In typical MMOs, when a playstyle becomes too weak, it’s often boosted, and when a playstyle becomes too strong, it’s often weakened (nerfed (Am I dating myself? Does anyone use this term anymore?)). So if an ability or item or class is used too often, it will often have its properties lowered, so that it’s on an even playing field with everything else. Nerfing becomes the default out of simplicity: When you have 200 variables, changing one of them is easiest. Boosting happens as well, but with a lower frequency. After all, if only one playstyle is being used, to make others available, you’d need to change 20 different variables. It feels better for the player (“Woooo! My thing just got more awesome!”), but it’s leagues harder for the designer and makes the delay between fixes longer, and the more variables you change, the more likely it is that some other aspect of the game will break (maybe by making ranged attacks more powerful, you’ve now made certain challenges much easier, fixing one problem but making another).
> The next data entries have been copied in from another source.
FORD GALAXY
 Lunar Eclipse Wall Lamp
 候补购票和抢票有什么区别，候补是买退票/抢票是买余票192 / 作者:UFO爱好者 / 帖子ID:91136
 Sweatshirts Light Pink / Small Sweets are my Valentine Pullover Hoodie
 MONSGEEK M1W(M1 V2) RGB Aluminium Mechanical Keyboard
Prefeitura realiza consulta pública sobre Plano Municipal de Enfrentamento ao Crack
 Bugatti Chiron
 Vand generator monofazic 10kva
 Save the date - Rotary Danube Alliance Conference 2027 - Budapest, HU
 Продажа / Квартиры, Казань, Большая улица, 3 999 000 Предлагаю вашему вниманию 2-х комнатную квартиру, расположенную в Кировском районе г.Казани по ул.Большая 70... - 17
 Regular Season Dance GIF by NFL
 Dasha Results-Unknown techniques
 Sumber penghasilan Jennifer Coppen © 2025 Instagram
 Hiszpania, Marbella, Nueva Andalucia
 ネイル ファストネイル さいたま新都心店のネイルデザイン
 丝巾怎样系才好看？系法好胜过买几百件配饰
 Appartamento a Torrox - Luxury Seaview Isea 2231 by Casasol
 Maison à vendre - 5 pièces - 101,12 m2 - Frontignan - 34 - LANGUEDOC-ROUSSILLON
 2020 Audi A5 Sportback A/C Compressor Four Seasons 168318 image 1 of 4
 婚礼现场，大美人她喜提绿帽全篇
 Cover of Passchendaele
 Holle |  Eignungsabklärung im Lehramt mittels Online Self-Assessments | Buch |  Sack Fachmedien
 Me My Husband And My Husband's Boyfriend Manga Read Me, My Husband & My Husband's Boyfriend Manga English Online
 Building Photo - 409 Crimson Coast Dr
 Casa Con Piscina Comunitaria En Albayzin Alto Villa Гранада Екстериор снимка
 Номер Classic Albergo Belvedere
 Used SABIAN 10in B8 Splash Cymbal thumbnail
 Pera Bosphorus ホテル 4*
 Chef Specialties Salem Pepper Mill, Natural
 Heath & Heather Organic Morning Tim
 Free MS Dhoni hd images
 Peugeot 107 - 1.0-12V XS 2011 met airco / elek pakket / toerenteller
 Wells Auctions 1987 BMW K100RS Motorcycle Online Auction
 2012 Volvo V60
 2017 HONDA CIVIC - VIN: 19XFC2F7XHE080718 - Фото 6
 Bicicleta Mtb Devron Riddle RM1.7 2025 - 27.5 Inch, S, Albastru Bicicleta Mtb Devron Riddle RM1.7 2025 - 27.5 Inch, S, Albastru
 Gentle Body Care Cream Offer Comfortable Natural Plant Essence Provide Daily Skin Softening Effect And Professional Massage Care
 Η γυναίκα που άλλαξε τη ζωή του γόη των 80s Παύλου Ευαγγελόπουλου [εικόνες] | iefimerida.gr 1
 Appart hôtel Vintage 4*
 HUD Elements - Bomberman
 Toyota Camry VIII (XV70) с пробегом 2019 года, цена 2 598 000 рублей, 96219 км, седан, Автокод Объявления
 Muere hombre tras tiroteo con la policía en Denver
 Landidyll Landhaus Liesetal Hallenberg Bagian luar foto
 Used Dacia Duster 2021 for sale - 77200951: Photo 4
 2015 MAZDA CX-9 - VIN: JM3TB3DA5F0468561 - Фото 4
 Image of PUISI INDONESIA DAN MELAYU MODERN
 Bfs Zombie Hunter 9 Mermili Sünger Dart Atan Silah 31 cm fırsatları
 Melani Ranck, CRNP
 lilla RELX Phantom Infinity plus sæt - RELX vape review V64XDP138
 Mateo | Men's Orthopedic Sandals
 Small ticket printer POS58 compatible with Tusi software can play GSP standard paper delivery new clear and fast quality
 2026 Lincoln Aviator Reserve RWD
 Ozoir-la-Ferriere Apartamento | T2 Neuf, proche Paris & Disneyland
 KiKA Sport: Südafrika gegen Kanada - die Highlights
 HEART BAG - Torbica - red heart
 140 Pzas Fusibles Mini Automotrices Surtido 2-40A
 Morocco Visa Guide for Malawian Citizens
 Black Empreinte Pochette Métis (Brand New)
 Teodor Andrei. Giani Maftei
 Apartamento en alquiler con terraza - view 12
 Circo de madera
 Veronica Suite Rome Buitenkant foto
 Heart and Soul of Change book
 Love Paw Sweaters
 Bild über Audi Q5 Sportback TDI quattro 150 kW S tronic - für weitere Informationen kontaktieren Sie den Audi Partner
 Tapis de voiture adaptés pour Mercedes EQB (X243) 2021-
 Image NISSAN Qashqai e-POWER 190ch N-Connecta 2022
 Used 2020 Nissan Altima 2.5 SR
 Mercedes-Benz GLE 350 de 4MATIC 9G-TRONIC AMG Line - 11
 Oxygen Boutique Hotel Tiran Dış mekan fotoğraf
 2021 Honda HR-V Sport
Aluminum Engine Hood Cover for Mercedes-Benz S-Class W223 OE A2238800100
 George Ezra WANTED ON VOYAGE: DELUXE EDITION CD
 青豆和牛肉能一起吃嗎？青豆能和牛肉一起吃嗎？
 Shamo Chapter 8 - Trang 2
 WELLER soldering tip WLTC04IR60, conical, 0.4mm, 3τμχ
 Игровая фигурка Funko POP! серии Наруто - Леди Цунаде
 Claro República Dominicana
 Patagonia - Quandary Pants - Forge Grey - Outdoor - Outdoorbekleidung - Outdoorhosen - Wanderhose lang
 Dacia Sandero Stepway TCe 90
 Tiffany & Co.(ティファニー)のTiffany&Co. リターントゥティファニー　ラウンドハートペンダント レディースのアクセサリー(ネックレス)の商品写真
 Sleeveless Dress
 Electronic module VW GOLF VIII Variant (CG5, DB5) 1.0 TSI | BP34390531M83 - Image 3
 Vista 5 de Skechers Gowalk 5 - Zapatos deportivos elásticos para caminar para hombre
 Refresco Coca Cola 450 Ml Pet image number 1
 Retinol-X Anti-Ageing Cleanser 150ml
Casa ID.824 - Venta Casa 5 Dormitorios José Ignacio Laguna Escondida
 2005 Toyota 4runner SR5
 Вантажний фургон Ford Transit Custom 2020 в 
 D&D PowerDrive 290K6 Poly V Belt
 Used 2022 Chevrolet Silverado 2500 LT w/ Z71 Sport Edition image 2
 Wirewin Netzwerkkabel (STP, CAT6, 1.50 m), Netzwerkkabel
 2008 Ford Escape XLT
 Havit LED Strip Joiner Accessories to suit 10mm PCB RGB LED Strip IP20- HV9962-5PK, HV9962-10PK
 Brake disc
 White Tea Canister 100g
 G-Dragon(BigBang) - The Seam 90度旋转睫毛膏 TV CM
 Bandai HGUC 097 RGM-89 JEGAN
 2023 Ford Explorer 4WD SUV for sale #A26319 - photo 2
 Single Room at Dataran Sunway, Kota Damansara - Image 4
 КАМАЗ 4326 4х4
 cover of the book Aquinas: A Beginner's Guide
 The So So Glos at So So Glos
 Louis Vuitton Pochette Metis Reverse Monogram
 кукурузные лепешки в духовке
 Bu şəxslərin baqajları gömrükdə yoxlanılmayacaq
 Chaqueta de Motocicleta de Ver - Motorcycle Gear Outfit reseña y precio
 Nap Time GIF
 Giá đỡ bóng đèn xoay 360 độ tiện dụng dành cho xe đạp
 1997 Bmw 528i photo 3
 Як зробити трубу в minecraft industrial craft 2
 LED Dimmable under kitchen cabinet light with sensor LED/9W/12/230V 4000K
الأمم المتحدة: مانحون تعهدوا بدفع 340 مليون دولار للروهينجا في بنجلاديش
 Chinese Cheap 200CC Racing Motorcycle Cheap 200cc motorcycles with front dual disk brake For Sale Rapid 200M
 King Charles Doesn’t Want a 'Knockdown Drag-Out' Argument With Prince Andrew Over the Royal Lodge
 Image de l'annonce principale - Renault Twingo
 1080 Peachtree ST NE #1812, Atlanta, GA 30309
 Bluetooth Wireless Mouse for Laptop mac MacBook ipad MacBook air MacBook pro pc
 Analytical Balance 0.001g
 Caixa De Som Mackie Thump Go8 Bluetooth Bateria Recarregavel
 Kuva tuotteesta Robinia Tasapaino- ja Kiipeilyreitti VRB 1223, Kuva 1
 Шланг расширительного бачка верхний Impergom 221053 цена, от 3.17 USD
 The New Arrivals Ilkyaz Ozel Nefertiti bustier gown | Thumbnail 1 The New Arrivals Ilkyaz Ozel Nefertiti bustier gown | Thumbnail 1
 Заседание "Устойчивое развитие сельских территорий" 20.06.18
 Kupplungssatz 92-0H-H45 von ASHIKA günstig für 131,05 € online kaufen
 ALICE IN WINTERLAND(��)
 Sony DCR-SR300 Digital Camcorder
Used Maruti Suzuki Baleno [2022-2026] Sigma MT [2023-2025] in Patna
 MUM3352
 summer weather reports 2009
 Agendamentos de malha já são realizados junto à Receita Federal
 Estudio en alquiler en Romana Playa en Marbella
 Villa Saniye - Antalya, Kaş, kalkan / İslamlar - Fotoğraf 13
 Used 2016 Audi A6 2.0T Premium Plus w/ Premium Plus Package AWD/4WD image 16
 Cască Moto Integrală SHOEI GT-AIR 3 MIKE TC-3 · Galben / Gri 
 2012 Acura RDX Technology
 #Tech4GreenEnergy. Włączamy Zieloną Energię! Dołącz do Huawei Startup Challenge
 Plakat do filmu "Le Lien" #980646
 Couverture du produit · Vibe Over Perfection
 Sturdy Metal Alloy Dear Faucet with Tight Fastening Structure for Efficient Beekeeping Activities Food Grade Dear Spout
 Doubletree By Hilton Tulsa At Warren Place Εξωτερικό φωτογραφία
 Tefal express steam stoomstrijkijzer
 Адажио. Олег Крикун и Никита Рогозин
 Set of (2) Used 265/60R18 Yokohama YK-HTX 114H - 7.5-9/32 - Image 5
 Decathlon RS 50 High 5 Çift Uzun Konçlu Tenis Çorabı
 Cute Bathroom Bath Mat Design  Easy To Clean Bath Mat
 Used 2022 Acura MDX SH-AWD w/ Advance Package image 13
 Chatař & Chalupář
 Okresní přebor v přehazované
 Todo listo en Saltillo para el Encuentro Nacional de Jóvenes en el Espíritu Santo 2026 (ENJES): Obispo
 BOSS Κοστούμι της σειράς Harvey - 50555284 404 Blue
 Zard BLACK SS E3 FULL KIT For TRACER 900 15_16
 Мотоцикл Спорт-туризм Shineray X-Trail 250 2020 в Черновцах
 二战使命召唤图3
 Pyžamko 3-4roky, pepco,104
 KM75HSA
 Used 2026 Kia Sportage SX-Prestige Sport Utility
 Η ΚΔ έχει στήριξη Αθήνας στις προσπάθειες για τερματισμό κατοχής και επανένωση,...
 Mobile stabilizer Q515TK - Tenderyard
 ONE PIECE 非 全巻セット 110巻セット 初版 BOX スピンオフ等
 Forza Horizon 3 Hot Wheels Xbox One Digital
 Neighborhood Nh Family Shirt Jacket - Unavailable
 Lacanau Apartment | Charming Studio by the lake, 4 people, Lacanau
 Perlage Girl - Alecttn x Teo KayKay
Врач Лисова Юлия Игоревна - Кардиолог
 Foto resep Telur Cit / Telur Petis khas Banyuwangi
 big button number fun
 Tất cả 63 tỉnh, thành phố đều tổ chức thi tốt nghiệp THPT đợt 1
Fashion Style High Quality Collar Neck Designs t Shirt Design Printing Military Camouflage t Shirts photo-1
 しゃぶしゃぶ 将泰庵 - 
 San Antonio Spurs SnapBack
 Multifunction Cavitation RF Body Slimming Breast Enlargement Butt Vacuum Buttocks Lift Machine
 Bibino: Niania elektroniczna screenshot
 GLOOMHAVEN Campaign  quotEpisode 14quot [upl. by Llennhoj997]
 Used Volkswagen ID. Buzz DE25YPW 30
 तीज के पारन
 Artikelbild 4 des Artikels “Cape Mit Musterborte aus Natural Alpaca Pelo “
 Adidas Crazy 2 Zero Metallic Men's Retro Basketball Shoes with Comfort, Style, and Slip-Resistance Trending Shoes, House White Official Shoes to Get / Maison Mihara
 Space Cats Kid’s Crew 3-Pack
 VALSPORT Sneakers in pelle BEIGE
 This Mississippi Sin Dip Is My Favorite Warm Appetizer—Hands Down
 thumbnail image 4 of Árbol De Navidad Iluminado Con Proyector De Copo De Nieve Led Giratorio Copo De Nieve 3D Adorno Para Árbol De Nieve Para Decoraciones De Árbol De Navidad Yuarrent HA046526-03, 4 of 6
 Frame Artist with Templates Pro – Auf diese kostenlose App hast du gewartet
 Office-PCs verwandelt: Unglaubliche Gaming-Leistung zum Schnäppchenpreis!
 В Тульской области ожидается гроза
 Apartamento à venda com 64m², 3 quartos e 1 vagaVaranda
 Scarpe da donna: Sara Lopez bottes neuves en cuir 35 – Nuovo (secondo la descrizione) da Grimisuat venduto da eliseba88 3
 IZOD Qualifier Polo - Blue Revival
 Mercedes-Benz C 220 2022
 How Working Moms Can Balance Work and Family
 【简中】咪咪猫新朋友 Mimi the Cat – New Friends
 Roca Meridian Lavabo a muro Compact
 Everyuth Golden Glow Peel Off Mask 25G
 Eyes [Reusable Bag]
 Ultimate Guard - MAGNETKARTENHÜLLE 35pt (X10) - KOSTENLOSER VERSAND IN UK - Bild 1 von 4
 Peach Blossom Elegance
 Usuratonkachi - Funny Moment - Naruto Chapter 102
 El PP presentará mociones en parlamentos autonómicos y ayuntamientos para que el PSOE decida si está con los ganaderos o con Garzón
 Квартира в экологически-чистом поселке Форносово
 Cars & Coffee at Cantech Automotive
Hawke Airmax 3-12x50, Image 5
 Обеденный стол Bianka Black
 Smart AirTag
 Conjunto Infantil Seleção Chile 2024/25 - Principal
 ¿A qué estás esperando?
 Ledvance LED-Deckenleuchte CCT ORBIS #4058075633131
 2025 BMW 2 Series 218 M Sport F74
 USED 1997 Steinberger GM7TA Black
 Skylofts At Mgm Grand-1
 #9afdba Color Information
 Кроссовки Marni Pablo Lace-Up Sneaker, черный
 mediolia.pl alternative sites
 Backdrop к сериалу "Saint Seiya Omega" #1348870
Thankfully, FFRK isn’t an MMO, and doesn’t have to deal with these. Even still, it has “rebalancing” notes all the time. What makes it awesome?

It’s always boosts.

Typical update.

Typical update. See all those UPs. No DOWNs. It’s an update, not a downdate.

I think FFRK is actually fine with the idea of content becoming easier after a while, because it pumps out content so regularly. And it can. The way the game was designed is that it can practically just throw content together out of content it has already made. New events come out every other week, made with assets the game used previously, but adding a few new things (abilities and characters) for players. For the developers, adding a new character probably takes a few days at most, because the characters don’t vary that much. But they vary enough that players want to get their hands on the new content as fast as possible.

What is funny is actually the extent that FFRK makes sure it’s not nerfing anything. One time they clarified that when they were fixing a problem, it wasn’t making something weaker. They seem virtually opposed to the idea of nerfing.

This of course leads to a game where, whenever an update comes, you always know it’s benefitting you, the player. And when you know that character you like is only an update away from becoming even more viable option, you’re also tempted to stay around longer. Since players often have tens of characters, even if it’s a character you don’t use currently, it’s probably a character you have, which means that your arsenal is being improved. It feels that way anyways, and that’s what matters most. Compounded with the fact that there’s always new content around the corner and you’re left with a game where you’re tempted to play it daily.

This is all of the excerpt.